Rule B Third Episode
Rule B Third Episode: some get vacations, others have to pay.
In a fascinating exercise of judicial commonsense and equity, Judge Alvin Hellerstein has just handed down two decisions which are likely to be determinative as to which pre “Haldhi” and “Hawknet” Rule B attachments will be vacated and which will not.
The good news is for those Respondents whose cases have not been decided against them on the substance by a competent tribunal. The bad news is for those Respondents whose cases have been decided against them by a competent tribunal and who are, in consequence, “judgment” or, perhaps more accurately, “award” debtors.
In a double decision handed down on 18th March 2010 (Americas Bulk Transport Ltd v. IMT and Eitzen Bulk v. Ashapura Minechem Ltd) denominated “Order and Opinion Denying and Granting Motions to Vacate Attachments”, Judge Hellerstein decided (as the cited wording suggests) that in one case the motion to vacate should be denied whereas in the other it would be granted.
After a careful review of the authorities and a historical examination of the court’s equity jurisdiction, Judge Hellerstein came to the conclusion that where there was a final determination on the merits against the Respondents and where the Respondents had used every trick in the book to avoid enforcement of the original arbitration award, equity demanded that the funds attached under a Rule B Order should be paid out to the Claimants. This was the decision in the Eitzen Bulk case.

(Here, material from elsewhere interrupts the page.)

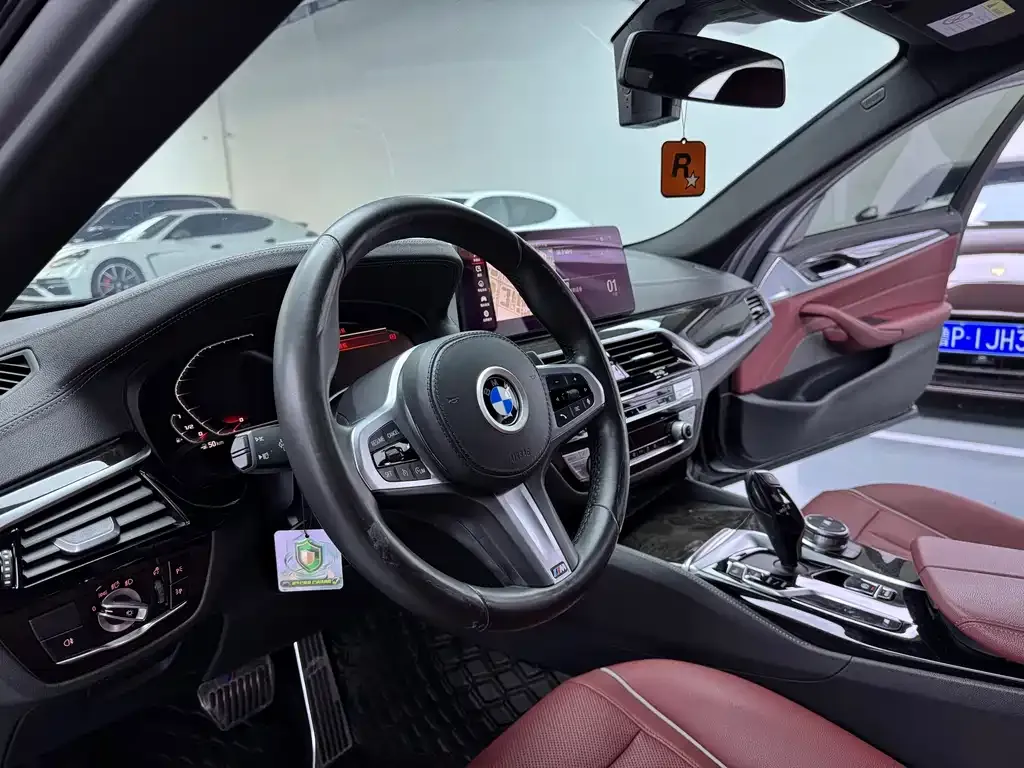 BMW 5 Series 2022 из CN, фото 7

However, where proceedings on the merits were still progressing at arbitration and there was no reason to suppose that the Respondents, if found liable, would fail to honour any final award against them, there was no reason of equity to depart from the general American procedural rule that “plaintiffs must await the outcome of an arbitration or litigation before they can require a defendant to give security for unproved claims.”
In a case‑law system, it is always instructive to examine the actual words used by the judge in coming to his decision. Thus the essence of Judge Hellerstein’s reasoning is set out in the section headed “Conclusion”, and I cite it in full as follows:
“V. Conclusion:
In Americas Bulk Transport Ltd. V. IMT Shipping & Chartering GmbH.
Defendant IMT instituted arbitration in London soon after the attachment in this district was effected. They continue to engage in the arbitration and, from their reports, are engaged in discovery proceedings ordered by the arbitrators. There is no reason to believe that the London proceedings are dependent on the attachment, and there has been no showing that an arbitral award in favour of Americas Bulk would not be paid by IMT. No reason of equity has been shown to depart from the rule prevailing generally in American courts that plaintiffs must await the outcome of a litigation or arbitration before they can require a defendant to give security for unproved claims.
Eitzen Bulk A/S v. Ashapura Minechem Ltd. presents a different story. Eitzen Bulk is a judgment creditor, having obtained an arbitration award pursuant to its contract, and judgments of the English High Court and of this Court. It seeks to impress its liens as a judgment creditor over the funds that Ashapura demands. All contingencies of Eitzen Bulk’s claim have been removed, except for payment, and there is an interpleader in this Court to determine the priority of competing claims to the attachment. Indeed, the bank has been discharged of all further obligation. Furthermore, the case presents a history of Ashapura’s active resistance and evasion of payment, played over a world‑wide canvas. The merits, and the equities, strongly favour Eitzen Bulk. Ashapura’s motion to vacate is denied.
In Americas Bulk Transport Ltd. V. IMT, 08 Civ. 6970 (AKH), the order of attachment, issued on August 6, 2008, is hereby vacated.
In Eitzen Bulk A/S v. Ashapura Minechem Ltd. 08 Civ. 8319 (AKH), the motion to vacate the attachment is denied.”
Practically speaking, this decision will have an enormous impact on the disposal of the remaining motions to dismiss pre “Haldhi” Rule B attachments of EFT’s if only because Judge Hellerstein has been allotted the task of dealing with a large number of, as yet, undetermined motions to vacate.
Last, but certainly not least, I must thank my colleague and correspondent in New York, Ken Citron of Snow, Becker and Kraus, for having provided me with a copy of Judge Hellerstein’s decisions so swiftly after their deliverance.